Sunday 25 December 2011

Christingle service 2011

What do we most like about Christmas?

I like the quiet. Everything stops and there’s time to wonder.

Because the nights are dark and long there’s time to wonder about the moon, the planets and the stars.

I look at them and think ‘what must he be like who made all of these?’

If I can fill my mind with the sight of the moon, Jupiter, Orion, the Pleiades and so on I can imagine the mind of God.

If my mind can take in the starry sky God’s mind can take in so much more because he sees all and loves all.

God doesn’t just see one section of the sky he sees the whole of it and all the skies above all the planets in the universe.

God sees right back through history to the when there were no stars at all!

Who’s sitting by the List of Rectors of Horsted Keynes?

Can you give me the dates of the first Rector? Richard de Berkyng became Rector in 1177.

That means Christmas has been celebrated in this Church at least 834 times.

When did people first come to this area?

500,000 years ago – the earliest human remains were found 20 years ago in Boxgrove outside Chichester.

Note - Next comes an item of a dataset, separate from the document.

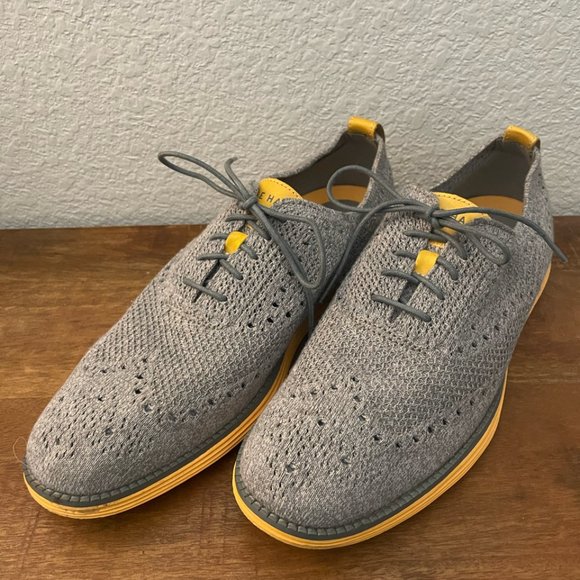 Cole Haan Mens Zerogrand Stitchlite Oxford Gray Yellow Size 10.5 - Picture 1 of 7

When did life on earth begin?

5 billion years ago. That’s 5000,000,000 years.

How old is the universe?

14 billion years. That’s three times as old as life itself.

It began with what scientists call the Big Bang but Christians know that by another name.

Tonight we are celebrating the revelation of the meaning and origin of the universe.

At one point in time chosen by him as the best time, the Creator of the Universe chose to show his face in Bethlehem in Judea some 2011 years ago.

This Jesus, the anniversary of whose birth we keep tonight, is nothing less than the Big Bang!

We know this from the way he died and rose at Easter more than from the stories of his birth, as in one of the earliest Christian texts from the letter to the Hebrews Chapter 1 verse 2. There it says Jesus, born in Bethlehem, is God’s Son whom he appointed heir of all things, through whom he also created the worlds, the one who reflects God’s glory, the exact imprint of God’s very being who sustains all things by his powerful word.

This Jesus born of Mary in a stable made the Big Bang bringing time and space into being. He sustains all things which means he holds you and I together! He is to be heir or inheritor of all things.

We come from him, belong to him and we go to him.

So Christmas to me is a time to wonder!

To wonder at the stars above, the earth below, the existence of life and why human beings are here – and to see afresh in Jesus the power that brought us into being.
What sort of power?

The power of love - love wider than the ocean, immense as the earth and stars and cosmos - love that sees and enfolds all that is!

Love that came down at Christmas. The Love that set the world in motion to begin with became one of us for 33 years starting in Bethlehem.

This is nothing we could ever work out for ourselves but something God has revealed to us. Being a personal God he could do so and did do so in the birth, life, suffering, death and resurrection of Jesus his Son.

Christmas is about the love that makes the world go round!

The orange, the candle and the red band tonight stand for the world, the light of the One who made it and the blood he shed for us out of love upon the Cross.

Love came down at Christmas – so let’s celebrate it with our Christingles.